Whereas the official title of the pope is a highly exalting one, some have been given much less complimentary appellations by their associates or biographers, contemporary or subsequent. Some records describe Pius II as a “reformed rake,” while “Peter Pig’s Mouth” was a nickname attached to Sergius IV (Brusher 286, 416). It was said of the economist Pope John XXII, who manipulated high finance during his pontificate, that he was, indeed, the Bankier des Heiligen Stuhles (Banker of the Holy Chair or Holy See; Gontard 319). At the conclusion of the conclave which put Jacques Fburrier in “Peter’s Chair” as the newly elected Benedict XII, he declared of himself, “You have elected a jackass” (Brusher 390).
It is true that most have come from the clerical and priestly ranks or from the monasteries. But some have been laymen, totally lacking in preparation or training for such an office.

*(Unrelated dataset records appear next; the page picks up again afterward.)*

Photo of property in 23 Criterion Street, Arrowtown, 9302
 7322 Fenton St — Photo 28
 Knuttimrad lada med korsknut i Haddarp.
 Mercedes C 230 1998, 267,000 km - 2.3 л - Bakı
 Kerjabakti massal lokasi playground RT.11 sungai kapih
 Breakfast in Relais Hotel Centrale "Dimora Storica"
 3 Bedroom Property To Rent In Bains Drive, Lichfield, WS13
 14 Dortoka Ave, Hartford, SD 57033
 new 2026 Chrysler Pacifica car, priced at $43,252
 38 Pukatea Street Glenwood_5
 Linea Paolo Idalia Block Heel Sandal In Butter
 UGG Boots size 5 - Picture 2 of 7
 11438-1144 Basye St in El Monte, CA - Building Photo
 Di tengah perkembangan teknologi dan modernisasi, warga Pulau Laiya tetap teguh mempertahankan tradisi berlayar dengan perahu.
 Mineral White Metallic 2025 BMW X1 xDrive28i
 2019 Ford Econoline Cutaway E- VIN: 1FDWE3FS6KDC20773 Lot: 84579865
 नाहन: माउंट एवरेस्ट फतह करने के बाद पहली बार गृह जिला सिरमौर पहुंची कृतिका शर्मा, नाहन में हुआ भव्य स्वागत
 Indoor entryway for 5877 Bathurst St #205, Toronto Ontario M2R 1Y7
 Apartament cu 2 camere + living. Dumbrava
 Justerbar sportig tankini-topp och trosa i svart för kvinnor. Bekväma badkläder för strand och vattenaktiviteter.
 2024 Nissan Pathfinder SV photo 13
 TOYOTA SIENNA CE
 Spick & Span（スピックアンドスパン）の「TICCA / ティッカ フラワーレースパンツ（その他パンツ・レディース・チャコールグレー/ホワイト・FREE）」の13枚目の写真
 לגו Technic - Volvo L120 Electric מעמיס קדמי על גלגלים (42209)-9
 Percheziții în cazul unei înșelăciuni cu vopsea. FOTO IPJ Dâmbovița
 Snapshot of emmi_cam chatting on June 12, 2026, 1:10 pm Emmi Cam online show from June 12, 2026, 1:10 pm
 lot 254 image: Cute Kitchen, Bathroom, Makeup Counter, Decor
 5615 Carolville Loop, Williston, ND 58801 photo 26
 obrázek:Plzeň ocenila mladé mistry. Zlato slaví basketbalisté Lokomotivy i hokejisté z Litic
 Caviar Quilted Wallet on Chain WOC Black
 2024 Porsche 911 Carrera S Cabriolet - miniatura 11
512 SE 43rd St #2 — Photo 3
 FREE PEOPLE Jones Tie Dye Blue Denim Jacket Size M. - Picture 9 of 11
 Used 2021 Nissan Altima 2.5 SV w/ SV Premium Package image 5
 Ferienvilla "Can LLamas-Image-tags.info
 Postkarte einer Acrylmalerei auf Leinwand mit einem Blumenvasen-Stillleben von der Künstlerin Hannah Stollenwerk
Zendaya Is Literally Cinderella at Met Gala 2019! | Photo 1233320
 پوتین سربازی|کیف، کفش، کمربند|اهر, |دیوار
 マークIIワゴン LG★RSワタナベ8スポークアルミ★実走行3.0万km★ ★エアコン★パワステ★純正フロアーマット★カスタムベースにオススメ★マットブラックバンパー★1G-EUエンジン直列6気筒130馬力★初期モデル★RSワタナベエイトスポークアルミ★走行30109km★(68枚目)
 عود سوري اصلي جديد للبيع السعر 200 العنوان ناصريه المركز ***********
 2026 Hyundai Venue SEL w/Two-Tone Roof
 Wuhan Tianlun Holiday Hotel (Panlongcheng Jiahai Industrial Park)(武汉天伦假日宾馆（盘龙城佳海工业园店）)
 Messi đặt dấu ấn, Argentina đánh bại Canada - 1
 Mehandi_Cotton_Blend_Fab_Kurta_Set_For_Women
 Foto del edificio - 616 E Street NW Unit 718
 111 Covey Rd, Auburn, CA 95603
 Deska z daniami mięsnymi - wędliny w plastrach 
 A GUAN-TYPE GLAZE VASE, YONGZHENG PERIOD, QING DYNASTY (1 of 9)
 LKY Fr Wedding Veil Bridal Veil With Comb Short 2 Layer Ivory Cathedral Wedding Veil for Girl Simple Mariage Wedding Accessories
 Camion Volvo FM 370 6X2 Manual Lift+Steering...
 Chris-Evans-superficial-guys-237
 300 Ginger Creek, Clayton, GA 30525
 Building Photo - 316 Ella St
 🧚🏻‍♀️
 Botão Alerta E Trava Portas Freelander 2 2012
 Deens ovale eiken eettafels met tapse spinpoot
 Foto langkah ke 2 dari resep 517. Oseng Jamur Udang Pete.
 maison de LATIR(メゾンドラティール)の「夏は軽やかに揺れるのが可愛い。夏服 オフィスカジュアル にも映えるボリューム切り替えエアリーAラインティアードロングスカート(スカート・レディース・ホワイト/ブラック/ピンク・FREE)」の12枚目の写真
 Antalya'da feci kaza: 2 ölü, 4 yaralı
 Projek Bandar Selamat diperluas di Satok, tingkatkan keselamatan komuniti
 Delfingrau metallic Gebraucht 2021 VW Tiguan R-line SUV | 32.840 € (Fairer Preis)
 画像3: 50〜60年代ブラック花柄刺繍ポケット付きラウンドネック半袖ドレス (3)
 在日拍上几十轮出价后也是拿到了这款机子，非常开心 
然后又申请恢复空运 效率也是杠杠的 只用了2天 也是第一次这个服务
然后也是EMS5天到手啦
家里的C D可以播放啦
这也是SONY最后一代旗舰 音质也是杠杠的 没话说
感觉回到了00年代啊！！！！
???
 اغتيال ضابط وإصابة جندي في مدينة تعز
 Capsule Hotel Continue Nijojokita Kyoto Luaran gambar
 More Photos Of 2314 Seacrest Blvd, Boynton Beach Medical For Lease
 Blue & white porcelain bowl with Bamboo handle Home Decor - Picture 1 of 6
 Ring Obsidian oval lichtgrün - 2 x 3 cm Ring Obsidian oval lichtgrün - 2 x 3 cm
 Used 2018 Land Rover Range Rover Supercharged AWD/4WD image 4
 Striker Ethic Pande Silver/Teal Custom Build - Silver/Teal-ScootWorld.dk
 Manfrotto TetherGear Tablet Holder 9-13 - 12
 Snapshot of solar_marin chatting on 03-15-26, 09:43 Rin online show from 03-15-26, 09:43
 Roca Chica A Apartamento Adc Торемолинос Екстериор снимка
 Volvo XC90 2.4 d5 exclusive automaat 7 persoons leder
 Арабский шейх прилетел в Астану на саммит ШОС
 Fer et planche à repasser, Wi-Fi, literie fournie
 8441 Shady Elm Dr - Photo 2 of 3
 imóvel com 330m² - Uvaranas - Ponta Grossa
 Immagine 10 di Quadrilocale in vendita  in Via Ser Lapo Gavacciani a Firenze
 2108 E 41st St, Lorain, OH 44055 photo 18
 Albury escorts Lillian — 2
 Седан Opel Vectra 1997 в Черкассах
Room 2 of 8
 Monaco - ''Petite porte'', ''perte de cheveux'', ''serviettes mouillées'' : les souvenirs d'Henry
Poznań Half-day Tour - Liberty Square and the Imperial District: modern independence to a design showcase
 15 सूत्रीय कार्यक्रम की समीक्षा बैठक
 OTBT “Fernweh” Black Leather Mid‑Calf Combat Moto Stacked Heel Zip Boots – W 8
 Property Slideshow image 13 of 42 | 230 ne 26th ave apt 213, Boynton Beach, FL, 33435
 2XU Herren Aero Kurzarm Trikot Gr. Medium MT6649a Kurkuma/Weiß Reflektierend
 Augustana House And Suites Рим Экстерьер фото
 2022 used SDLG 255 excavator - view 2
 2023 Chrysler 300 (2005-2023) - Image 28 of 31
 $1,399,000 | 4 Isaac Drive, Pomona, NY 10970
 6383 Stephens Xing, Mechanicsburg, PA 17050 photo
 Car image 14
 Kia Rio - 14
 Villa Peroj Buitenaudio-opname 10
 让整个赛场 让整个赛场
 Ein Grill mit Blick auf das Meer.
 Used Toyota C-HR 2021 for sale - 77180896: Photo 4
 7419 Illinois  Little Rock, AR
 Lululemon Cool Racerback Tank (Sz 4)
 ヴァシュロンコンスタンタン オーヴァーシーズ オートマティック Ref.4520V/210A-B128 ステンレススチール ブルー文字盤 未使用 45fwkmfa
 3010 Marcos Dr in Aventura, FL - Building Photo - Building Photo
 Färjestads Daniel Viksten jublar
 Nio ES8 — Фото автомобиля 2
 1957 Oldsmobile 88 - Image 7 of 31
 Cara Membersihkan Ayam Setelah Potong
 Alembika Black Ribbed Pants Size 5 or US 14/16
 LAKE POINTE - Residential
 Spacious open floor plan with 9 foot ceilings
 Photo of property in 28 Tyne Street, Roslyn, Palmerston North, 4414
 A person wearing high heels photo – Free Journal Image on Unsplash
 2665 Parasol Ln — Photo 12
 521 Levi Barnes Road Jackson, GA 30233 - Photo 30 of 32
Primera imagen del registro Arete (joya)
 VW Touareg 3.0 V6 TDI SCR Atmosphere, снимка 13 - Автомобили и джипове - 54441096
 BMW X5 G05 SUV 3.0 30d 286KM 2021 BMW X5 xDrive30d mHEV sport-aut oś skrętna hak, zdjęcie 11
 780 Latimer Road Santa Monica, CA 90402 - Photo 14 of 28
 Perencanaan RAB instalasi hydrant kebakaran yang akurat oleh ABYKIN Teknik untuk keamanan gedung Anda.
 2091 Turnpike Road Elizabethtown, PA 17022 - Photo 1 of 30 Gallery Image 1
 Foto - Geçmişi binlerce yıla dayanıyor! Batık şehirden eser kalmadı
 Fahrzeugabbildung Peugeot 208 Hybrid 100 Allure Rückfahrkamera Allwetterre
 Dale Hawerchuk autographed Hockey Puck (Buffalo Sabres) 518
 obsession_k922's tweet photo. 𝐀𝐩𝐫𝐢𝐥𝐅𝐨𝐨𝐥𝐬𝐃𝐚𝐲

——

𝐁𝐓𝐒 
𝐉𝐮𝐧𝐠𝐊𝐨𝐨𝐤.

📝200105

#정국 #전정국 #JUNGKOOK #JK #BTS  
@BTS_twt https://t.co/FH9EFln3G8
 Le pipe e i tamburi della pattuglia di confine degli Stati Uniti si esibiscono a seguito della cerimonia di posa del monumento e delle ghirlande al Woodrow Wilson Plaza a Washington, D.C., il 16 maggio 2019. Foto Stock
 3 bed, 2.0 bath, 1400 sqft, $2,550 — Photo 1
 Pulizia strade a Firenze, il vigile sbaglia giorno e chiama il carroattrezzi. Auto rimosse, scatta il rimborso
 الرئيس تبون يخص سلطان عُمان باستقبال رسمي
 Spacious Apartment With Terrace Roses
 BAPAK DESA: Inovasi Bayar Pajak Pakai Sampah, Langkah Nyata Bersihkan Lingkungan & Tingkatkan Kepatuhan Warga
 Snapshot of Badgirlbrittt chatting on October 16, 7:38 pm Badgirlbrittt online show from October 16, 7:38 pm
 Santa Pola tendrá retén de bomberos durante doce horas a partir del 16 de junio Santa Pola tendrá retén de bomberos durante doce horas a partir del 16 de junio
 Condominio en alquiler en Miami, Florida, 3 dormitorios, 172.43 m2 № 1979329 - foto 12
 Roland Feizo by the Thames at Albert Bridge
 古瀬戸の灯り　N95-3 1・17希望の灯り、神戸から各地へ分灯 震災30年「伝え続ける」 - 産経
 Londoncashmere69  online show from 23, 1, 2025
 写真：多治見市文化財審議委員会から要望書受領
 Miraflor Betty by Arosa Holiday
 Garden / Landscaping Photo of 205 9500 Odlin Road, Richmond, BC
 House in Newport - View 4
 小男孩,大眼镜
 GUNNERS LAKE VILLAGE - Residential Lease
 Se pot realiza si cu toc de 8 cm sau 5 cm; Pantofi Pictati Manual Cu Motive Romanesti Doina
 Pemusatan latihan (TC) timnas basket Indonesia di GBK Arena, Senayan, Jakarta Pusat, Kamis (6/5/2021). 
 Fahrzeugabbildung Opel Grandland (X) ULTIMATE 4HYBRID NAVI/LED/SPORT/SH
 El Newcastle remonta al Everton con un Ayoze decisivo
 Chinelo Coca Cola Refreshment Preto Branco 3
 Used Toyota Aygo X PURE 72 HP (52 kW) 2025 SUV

Any assumption that religious leadership and ecclesiastics have been exclusively the concern and preoccupation of priests and theologians ignores hundreds of years of history. It also forgets that religion has been a human experience responsible for much of the worst examples of man’s inhumanity to men. The popes have had their share in this.
There have been more Italians or Romans than any other nationality. However, the Greeks, the French, the Syrians and Germans have all contributed several to the papacy. At least two or more Spaniards, Africans, Sicilians, Portuguese and Sardinians have all aspired to wear the tiara, together with one from each of several other countries.
The names of these men, both the Christian names and the assumed new names, or papal names, have been as diverse as their nationalities and backgrounds. Twenty-three “true” popes have used the name John as have some anti-popes who were not officially recognized. Several have used the names Paul, Pius, Adrian, Gregory, Felix, Benedict, Clement, Leo or Nicholas.
Some of them took the world by its economic, political and moral tethers and shook it a bit. Their wisdom and benevolence have blessed respective generations while their mistakes and blunders have brought the world time and again to the brink of self-destruction. Their perspectives toward such human enterprises as education, economics, civics and even charity were as varied in detail as their backgrounds. Yet, most were Christian idealists.
But, to view them as merely pious, sanctimonious, timorous souls would belie their humanity and ignore the recorded examples of disposition to heresy, anger, despair, skepticism, and the temptations of the flesh.
Many of them wrote much, but very little of it could have made its way to the best seller list in any age, though some of it has become classic in theological contexts. They have been bound together through the centuries not by their personalities, nor religious conviction, neither by fidelity to each other, but rather by common commitment to the idea of the papacy itself—that was the common denominator.